- [Task goal]: Could you please retype exactly the lines from the start of the records below through the line that contains "This is a 2008", both included, and leave out the pictures?
────────────────────
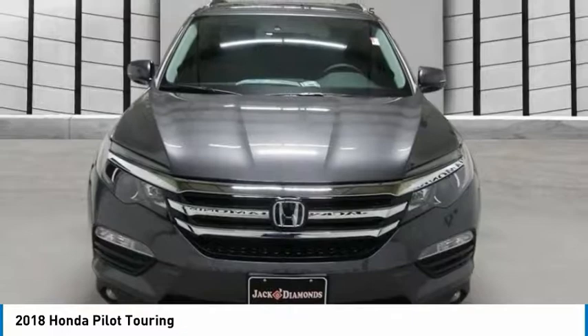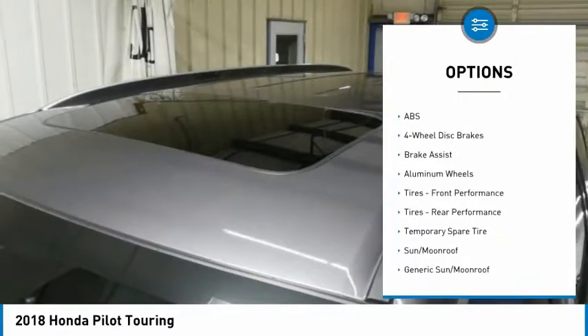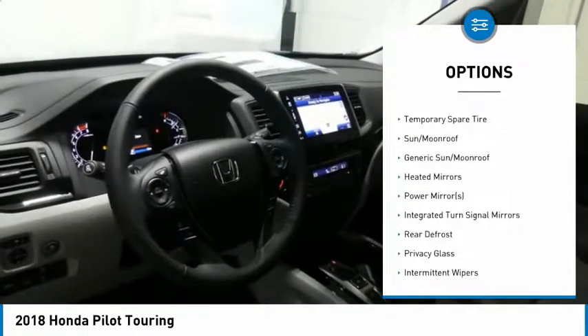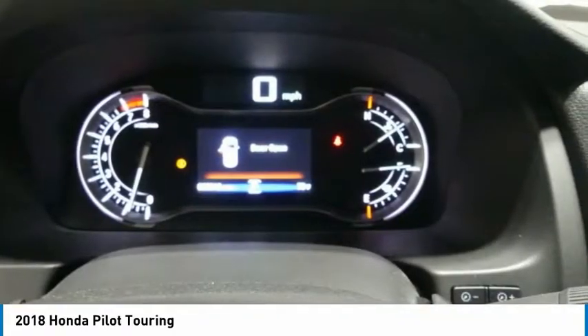Here are some of this vehicle's great options: anti-lock braking system, power passenger seat, steering wheel audio controls, all wheel drive, power lift gate, Bluetooth, power steering, adjustable steering wheel, aluminum wheels, and 4 wheel disc brakes.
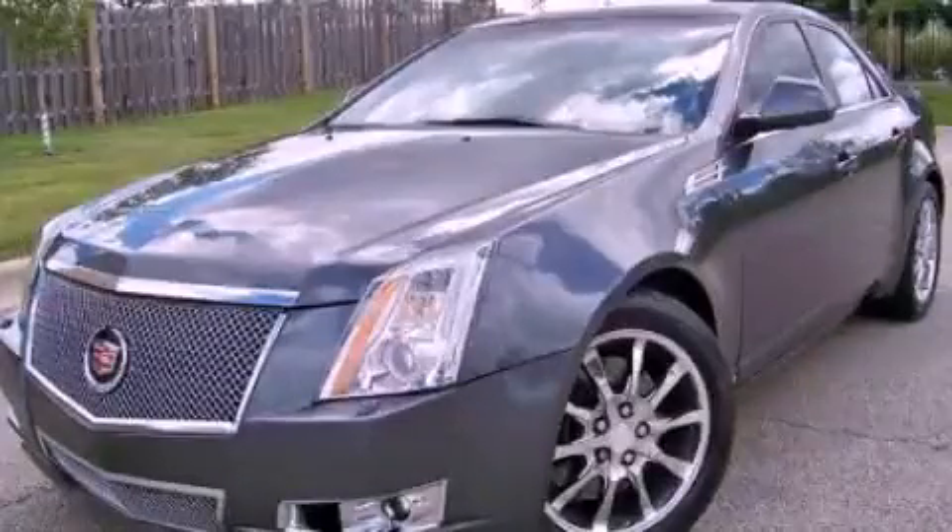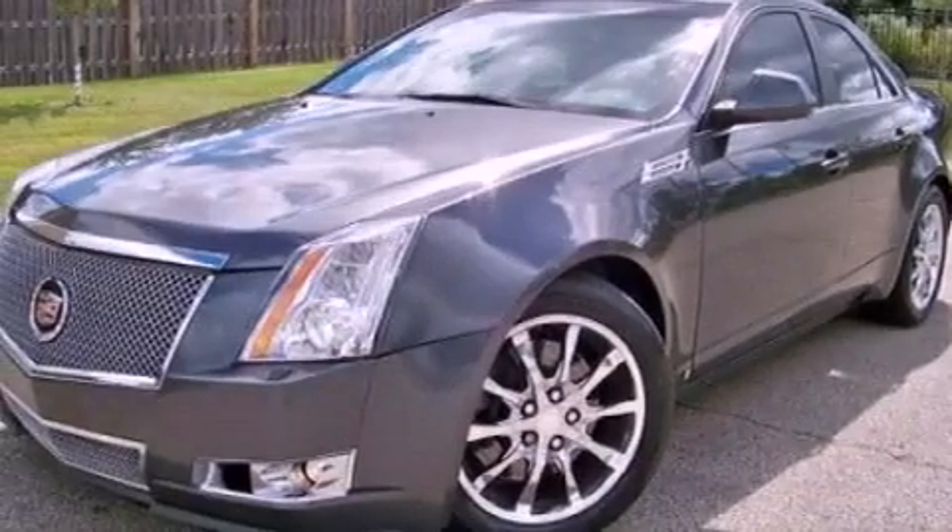This is a 2008 Cadillac CTS, a great fit and finish. It features a 3.6 liter, 6-cylinder engine and an automatic transmission.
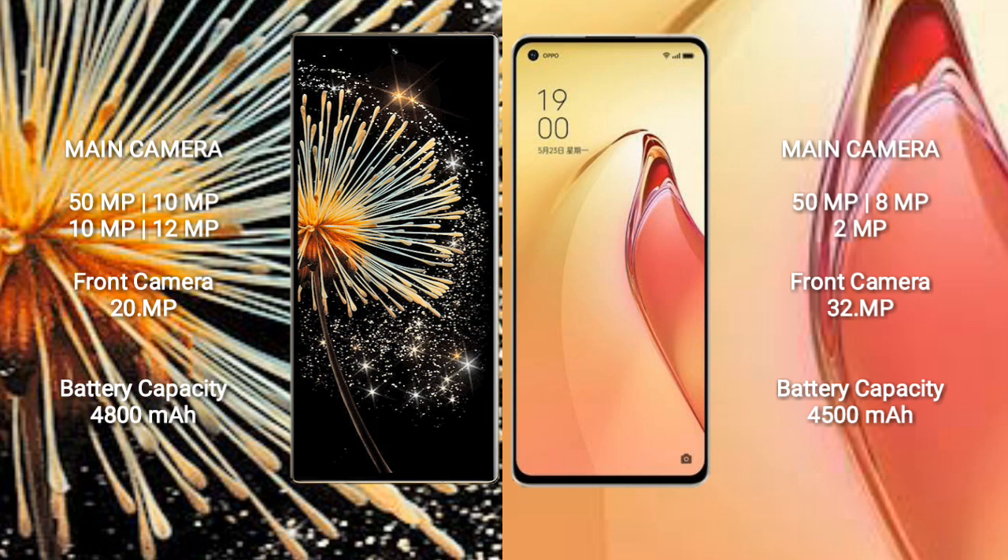Xiaomi Mix Fold 3 has a 4800mAh battery with 67W fast charging support. Oppo Reno 8 Pro Plus has a 4500mAh battery with 80W fast charging support.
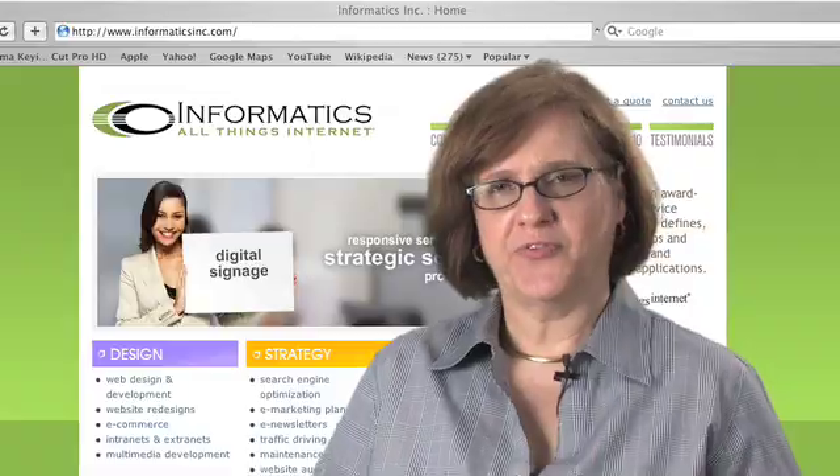According to recent studies, roughly 75% of all Americans are online. Having an effective website allows you to take advantage of this growing marketplace. Don't give people a reason to leave your site. Here are five things to remember when designing an effective website.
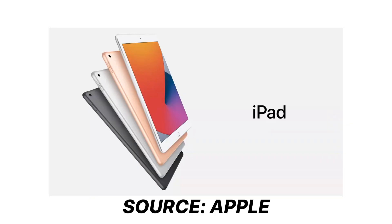Coming to the price, the iPad is now available at $329 for general customers, and at a cheaper price of $299 for educational customers. They are accepting orders from the 16th of September.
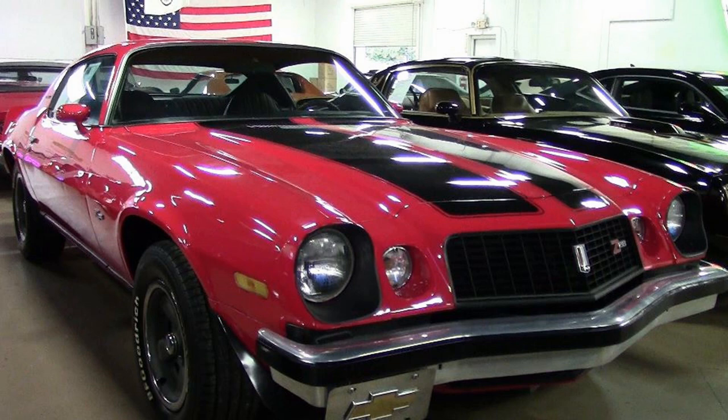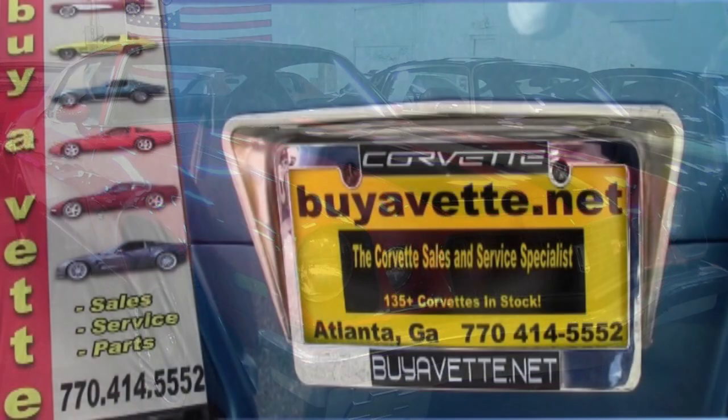In fact, you can take a look at some very detailed pictures on our website at buyavet.net. So give this car a good look over, and if a 1974 Camaro Z28 Type LT is a car you've always looked for, it doesn't get any better than this one. Give one of our sales representatives a call at 770-414-5552 and they'll be glad to help you out and put you in this car today.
────────────────────
- [Expected answer]:
Here are some of this vehicle's great options: anti-lock braking system, power passenger seat, steering wheel audio controls, all wheel drive, power lift gate, Bluetooth, power steering, adjustable steering wheel, aluminum wheels, and 4 wheel disc brakes.
This is a 2008 Cadillac CTS, a great fit and finish. It features a 3.6 liter, 6-cylinder engine and an automatic transmission.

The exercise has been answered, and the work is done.